What I'm getting at is a concept known as 'voting with their feet', meaning kids will make up their own minds as to whom they want to be with and act on it on their own.  Often, the parent who is left will get the authorities involved and get the child back, but sometimes if it happens often enough (and at that point could warrant a change in circumstance), the court will not rule against the child's feet, so to speak.

There's one very important aspect to keep in mind here.  In no way can either parent influence the child to take this kind of action.  This has to be something that the child comes up with on their own.  So my opinion is that if the child even so much as mentions the possibility to you, stay VERY neutral on the subject so as not to influence the child.  One thing I've always taught my kids from little on up is that they have to face the consequences of their actions, so they must weigh the pros and cons of each to make a decision.  If you tell them they must think very carefully about what they want to do, you are still not influencing them in either direction.

So if your son eventually comes to this decision and acts upon it, THAT is the time to support him as much as possible, even if it means he still has to go back to the other parent.  Sometimes it has to happen quite a few times for 'all' the adults (including the ones in court) to finally get the picture and make the changes that the child has already determined he/she needs.
Handle every stressful situation like a dog........if you can't play with it or eat it, pee on it and walk away.......

fightingmad2007

Actually no. My son is not 'given a lot of freedom' at his Dad's house & he can go down the block to visit friends (maybe 7 houses down) but it would never even cross his mind to walk/ride his bike to my house w/out permission. Permission which would never be given. So he doesn't even ask.

On the 3 times he has gone on a 'bike ride' around the neighborhood with one of his friends and the friend's dad's -- he HAS ended up here just to pop in & say 'hi'. I think that's actually pretty telling of the environment he has to deal with every day. That he feels 'free-er' to ask a FRIEND'S father to ride over here with him to say 'hi' to me than his own DAD.... And they do bike rides also. He just knows how his Dad feels about him seeing me.
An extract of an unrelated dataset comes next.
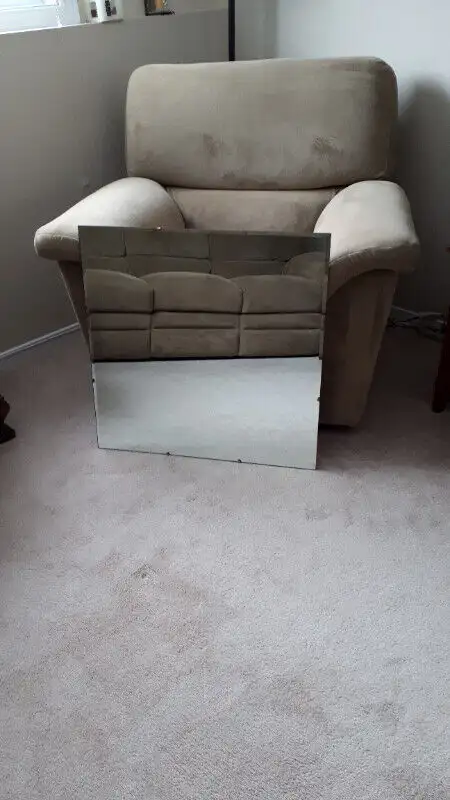 Vintage Wall Mirror in Home Décor & Accents in Barrie - Image 3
I never try to influence him in any way. Actually it was the GAL that first brought up he could make his own choice to him when she talked to him for the mod back in '06. He just has asked me if 'its true', and talks about that's what he wants to do in 1.5 years. I really don't even respond to it.

escape2paradise

Wow that is a dangerous idea to plant.  My X has influenced my DD to runaway twice.  The last time he was caught pretty much red handed.  We are in the middle of a custody dispute.  There are no problems in my home, other than X is trying his best to PAS my DD.  I support my DD relationship with X, though I have never been under any legal obligation to do so.  DD is 13, X has never been legally named as dad and I have always allowed and encourage visitation between the two.  X got married and now decides he wants to be a "real" dad.  Files a parentage action and wants custody.  DD is influenced heavily by him.  Though he has been involved with her since birth, he has always been a flake, canceling, too busy partying, drugging etc....Now he is finally showing her the attention she has longed for and she's eating it up.  She is also afraid dad will leave the state and "give up" on her as he has disappeared for months and months in the past and has threatened many times that if he doesn't get what he wants with this custody dispute he will leave her.  He has even told the GAL this.  My point is, that it is never okay to encourage a child to runaway.  It is foolish and  dangerous.  I realize you weren't advocating encouraging a child to do this.  My point is that this idea given to an idiot can cause some serious issues.  Also wanted to point out for any parents who choose to encourage the child to "vote with their feet" just may end up with the very short end of the stick as has my X.  No summer visitation period and is likely to be given supervised visits once school starts.